Germany shuts probe into death of British Jewish man in ‘political cult’
Authorities wind up investigation into the circumstances of Jeremiah Duggan's death - after his body was found in 2003
An investigation by German authorities into the circumstances surrounding the death of a young Jewish man involved with a “political cult” has been wound up.
Prosecutors in Wiebaden looking into the death and subsequent police investigation of Jeremiah Duggan, whose body was found by a road in 2003, have closed the long-running inquiry, to the dismay of the young man’s mother.
Erica Duggan campaigned for years for a thorough investigation and hopes were raised in 2012 when the Frankfurt High Court found mistakes had been made.
Jeremiah, a 22-year old Jewish student involved with the Wiesbaden-based group Helga Zepp LaRouche when he died, called his mother saying he was in danger and asking to be picked up shortly before he was found dead.
Erica, who lives in Golders Green, described LaRouche as “a cult” and said German authorities had not followed through with their investigations, saying: “Vital lines of enquiry have been ignored.”
German police recorded Jeremiah’s death as suicide, his body having been found on the autobahn near Wiesbaden, hours after attending an event organised by LaRouche, which he believed was a conference concerning the problems in Iraq.

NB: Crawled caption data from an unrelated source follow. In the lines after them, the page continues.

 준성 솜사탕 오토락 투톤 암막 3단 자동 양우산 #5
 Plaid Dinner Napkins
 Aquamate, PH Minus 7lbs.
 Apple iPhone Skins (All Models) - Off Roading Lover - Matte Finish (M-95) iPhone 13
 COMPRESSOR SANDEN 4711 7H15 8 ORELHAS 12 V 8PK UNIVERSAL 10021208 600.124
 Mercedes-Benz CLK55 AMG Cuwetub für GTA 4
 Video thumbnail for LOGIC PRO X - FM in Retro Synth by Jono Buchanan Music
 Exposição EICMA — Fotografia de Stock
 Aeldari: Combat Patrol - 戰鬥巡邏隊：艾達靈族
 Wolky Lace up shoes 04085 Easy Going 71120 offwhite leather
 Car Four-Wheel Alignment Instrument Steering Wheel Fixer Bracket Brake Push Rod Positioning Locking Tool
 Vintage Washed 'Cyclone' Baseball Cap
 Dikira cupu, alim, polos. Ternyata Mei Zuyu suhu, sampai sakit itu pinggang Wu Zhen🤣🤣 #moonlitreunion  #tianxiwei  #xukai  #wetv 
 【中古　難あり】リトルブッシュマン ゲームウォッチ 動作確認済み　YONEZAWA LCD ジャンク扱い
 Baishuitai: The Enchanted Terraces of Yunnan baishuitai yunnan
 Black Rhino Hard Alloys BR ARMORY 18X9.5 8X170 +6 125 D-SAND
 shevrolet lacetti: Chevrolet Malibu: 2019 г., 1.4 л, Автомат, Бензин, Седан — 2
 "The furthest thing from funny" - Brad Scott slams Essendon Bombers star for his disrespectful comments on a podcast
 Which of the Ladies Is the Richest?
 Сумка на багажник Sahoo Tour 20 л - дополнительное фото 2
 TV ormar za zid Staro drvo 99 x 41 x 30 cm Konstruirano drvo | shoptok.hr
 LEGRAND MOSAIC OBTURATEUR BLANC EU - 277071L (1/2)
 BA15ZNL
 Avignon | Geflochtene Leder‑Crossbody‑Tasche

A three-day inquest in the UK in 2015 heard evidence of possible “foul play” after Jeremy Hyam, the Duggan family’s lawyer, said a court in Germany “concluded that the facts as found by the prosecutor appeared to be impossible in the light of the evidence available”.
This week the family said its lawyers would be discussing “how vital witnesses have still not been investigated, suspicions and contradictions not followed up, and how the mindset of suicide has continued to blind the authorities”.